I’d been whale watching one other time before, off the coast of Maine, so I knew what to look for. The whales make circular patches of calm water, called footprints. So it was an instant adrenaline rush when, peering over the railing, I suddenly saw a footprint emerge right in front of me, flush against the ship.
Hearing my cries of excitement, everyone rushed over to have a look. The water was so clear that the entire whale was visible beneath the surface. It was surreal. Absolutely amazing. In Maine, I was never able to see the whales under water. I caught fleeting glimpses of them when their backs surfaced, but that was all. This was so, so much better.
One whale came up to check us out on the ship’s starboard side, and then poked its nose up out of the water. The deck hand informed us that this was an unusual sight for that kind of whale. It’s a large whale but because its flippers are so small, it usually doesn’t get up the speed to poke its nose up like that.
Several times, we spotted Bryde’s whales (pronounced broo-dess, almost like Brutus). They grow to around 40 feet long and weigh up to 22 tons. Whaling has depleted their population, so they’re now a protected species.
We puttered around for an hour or two and saw several whales. Near the end of our stay, another whale-watching boat showed up, after which we didn’t see much more of the whales. Maybe the extra ship shooed them off.

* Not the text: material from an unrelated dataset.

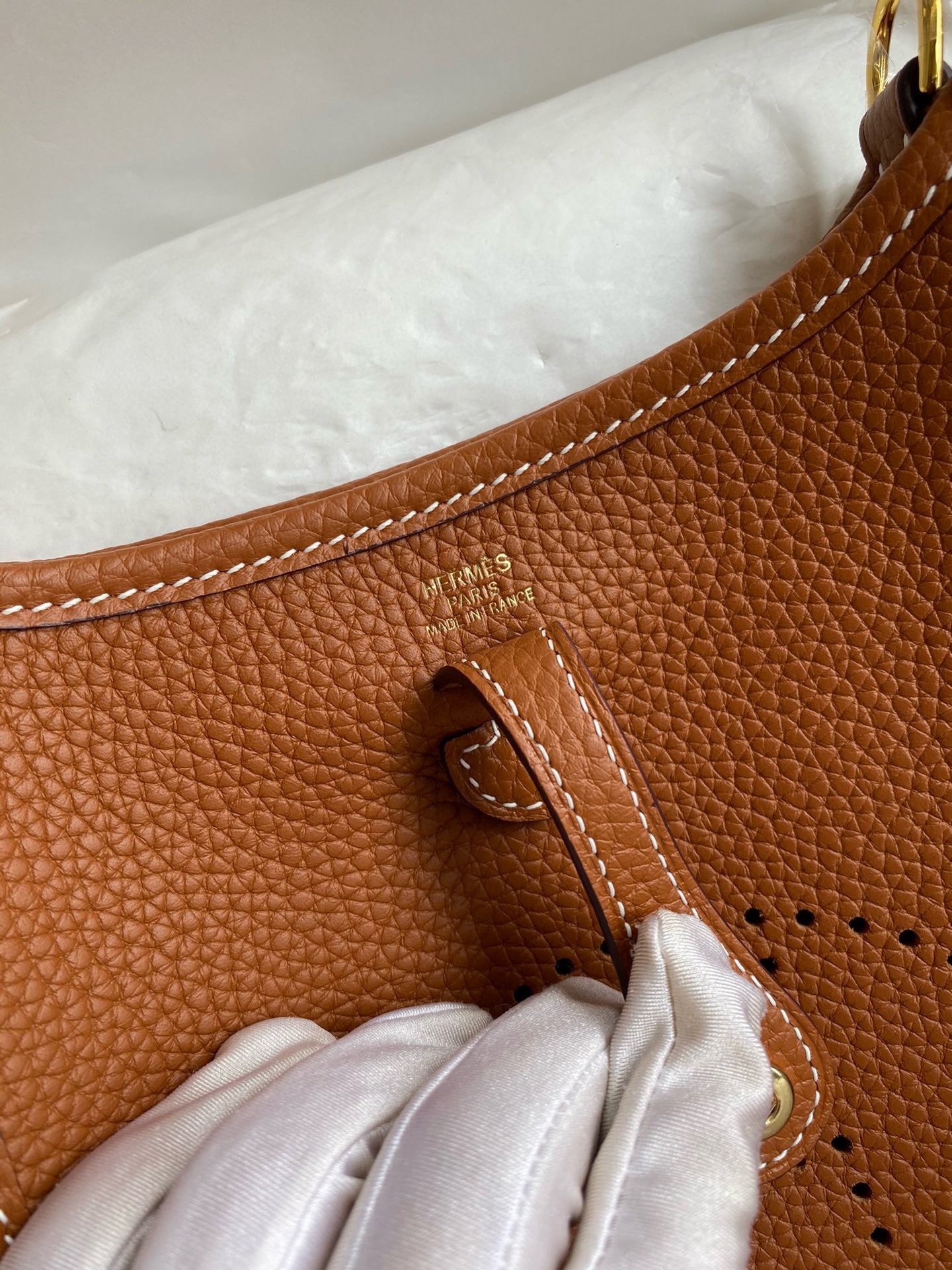 H**mes evelyne mini handmade bag in gold clemence leather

On the trip back to shore, we rode through an area where lots of dolphins were feeding. There were dozens all around the ship, and as I took dozens of photographs I pushed back the urge to jump overboard and swim with them. The dolphins we saw were Risso’s Dolphins. They had a rounded face, different from the narrow snout I am used to seeing on pictures of dolphins.
Back on shore, Joe and I were tan, tired and giddy over what we’d seen. We both agreed the experience was well worth the 5,000 yen. It started to rain after we got back, so it turned out we were lucky to have gone on the earlier trip, perhaps a smart move since storms can be more apt to crop up in the afternoons on hot summer days. Starving, we sought cover from the rain in a nearby restaurant serving a wide variety of seafood — whales not included — and I tucked in to an excellent maguro sashimi rice bowl (one dish most certainly not on my “dame” list!), the perfect way to cap off a most memorable trip.